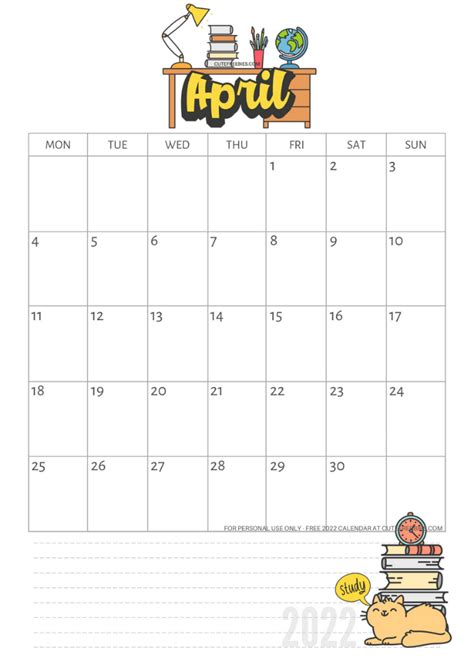 April 2022 School Calendar Freeprintable Cute Freebies For You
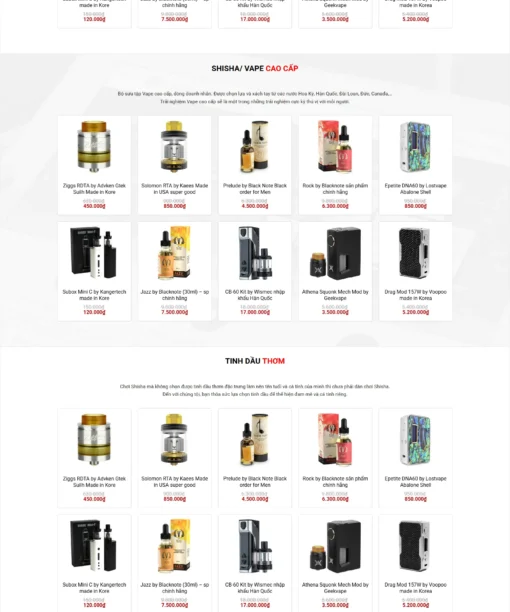 Mẫu website bán vape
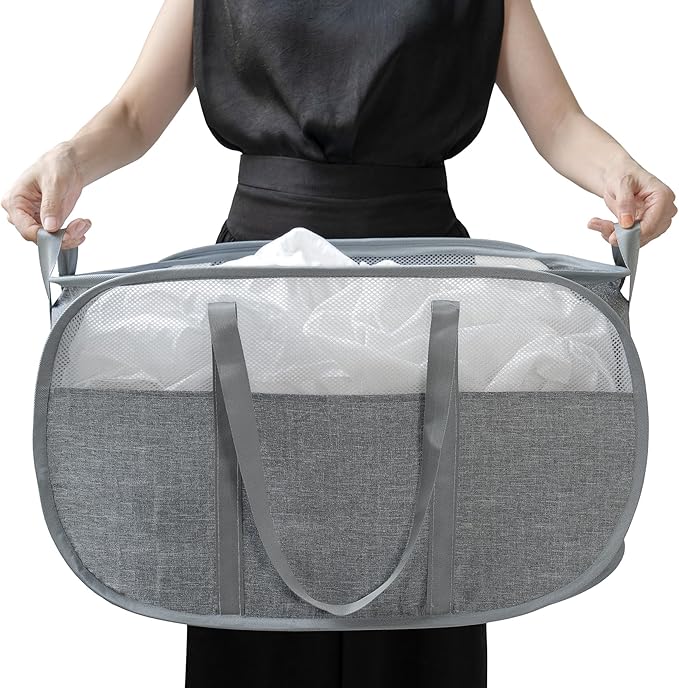 pop-up laundry basket，with Durable Handles collapsible Mesh laundry Hamper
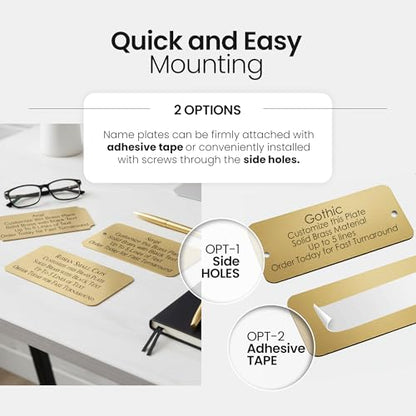 Personalized Custom Brushed Gold Solid Brass Plate (10 Count)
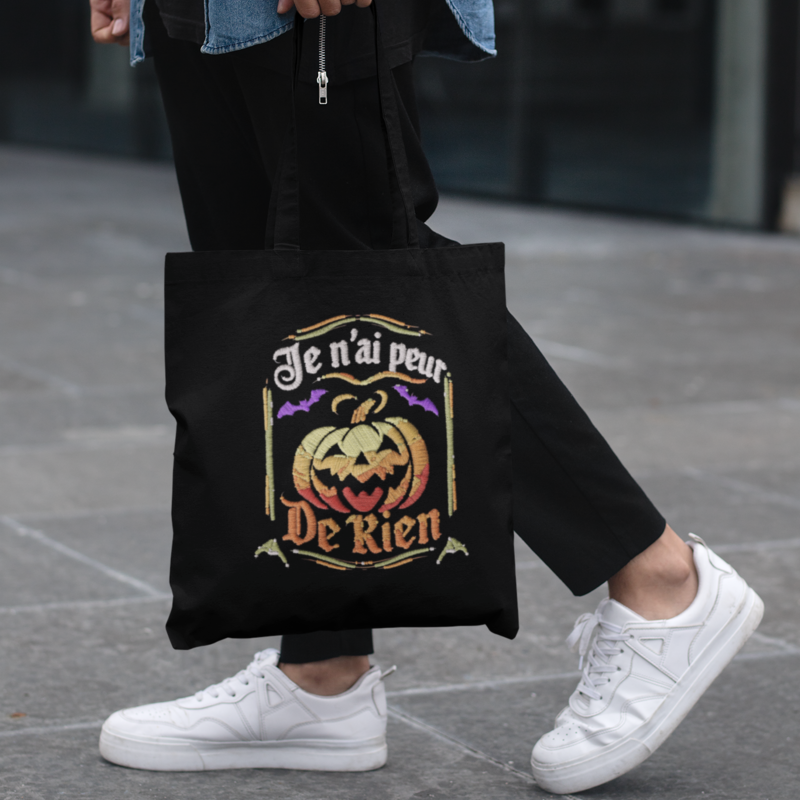 Canvas Tote Bag Black Je n'ai Peur de Rien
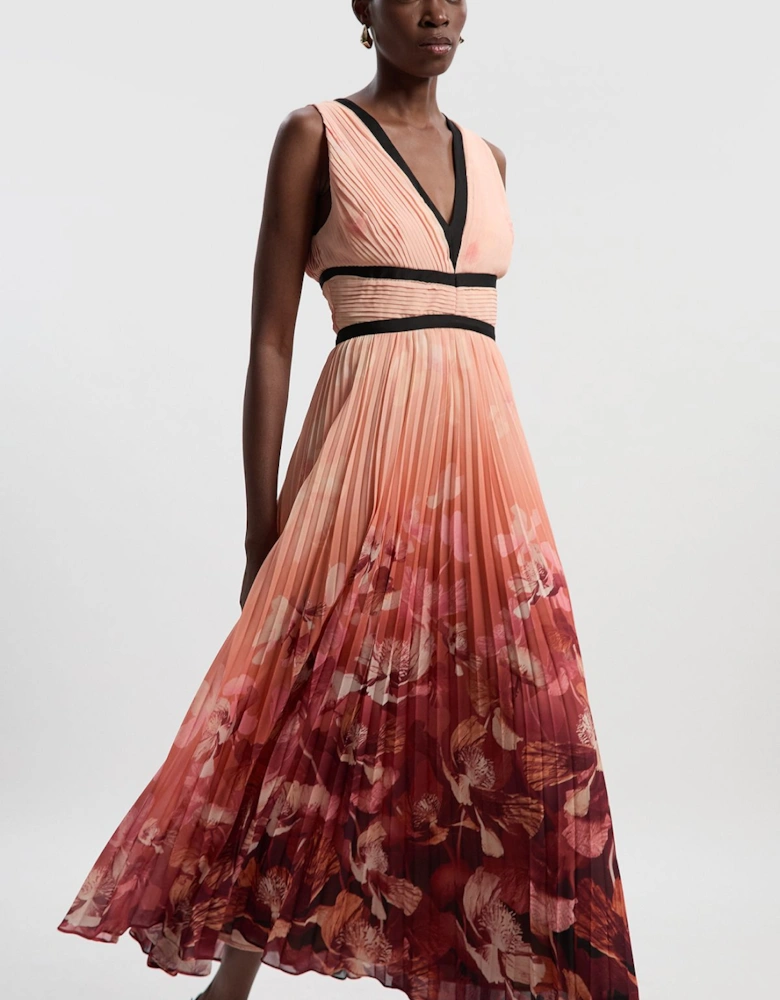 Pleated Floral Cape Sleeve Low Back Maxi Dress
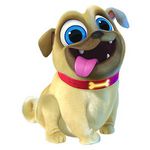 a cartoon dog with big blue eyes and a pink collar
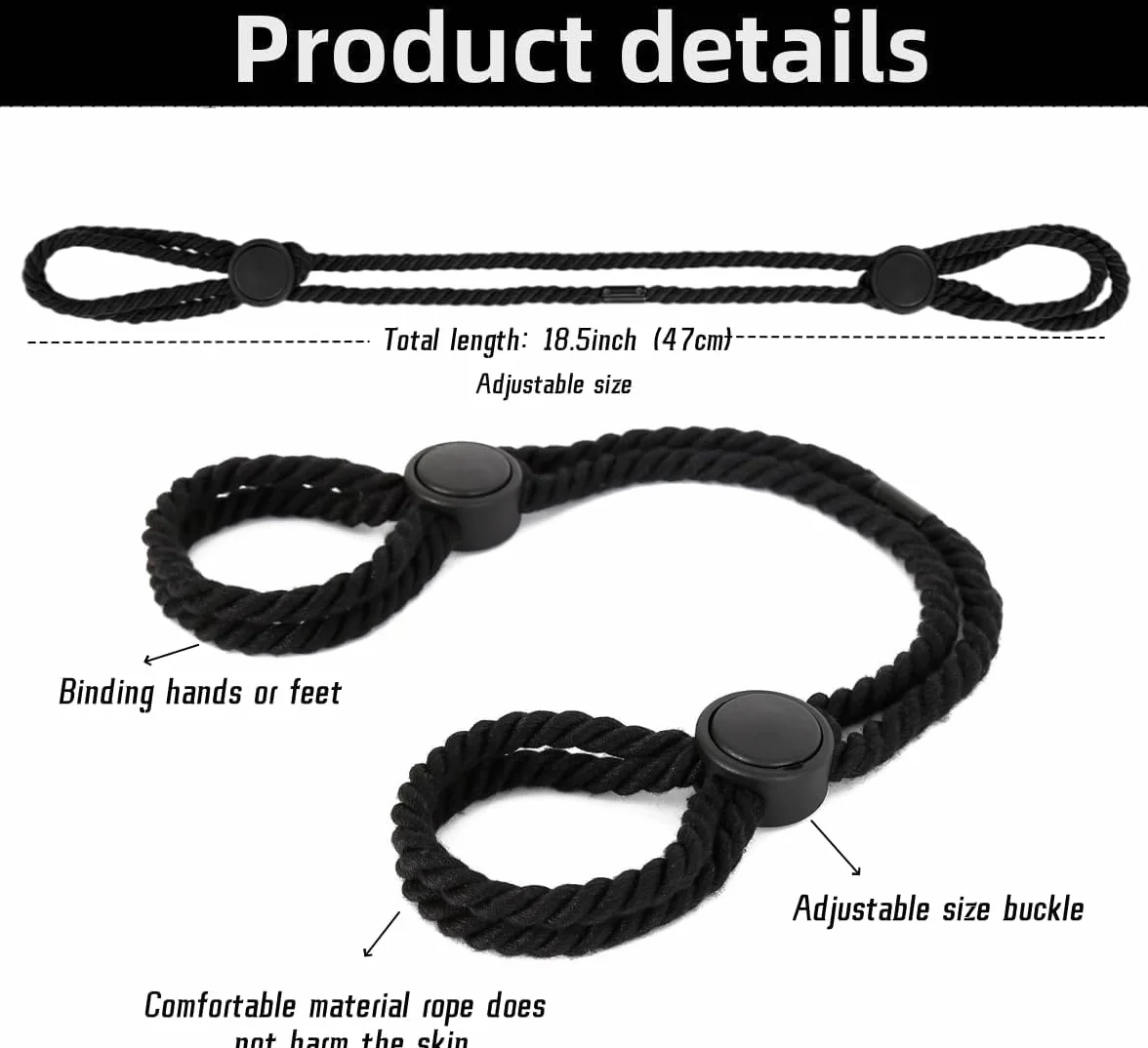 2 pezzi di corda bondage per polsi e caviglie, manette BDSM per giochi sessuali, corde regolabili per legare e bondage, corde BDSM per mani e piedi, manette per coppie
• • •
## GOAL OF THE EXERCISE
Find the line containing "a cartoon dog", then extract it and every line after it to the end of the data above, exactly and nothing else, without pictures.

## EXERCISE RESPONSE
 a cartoon dog with big blue eyes and a pink collar
 2 pezzi di corda bondage per polsi e caviglie, manette BDSM per giochi sessuali, corde regolabili per legare e bondage, corde BDSM per mani e piedi, manette per coppie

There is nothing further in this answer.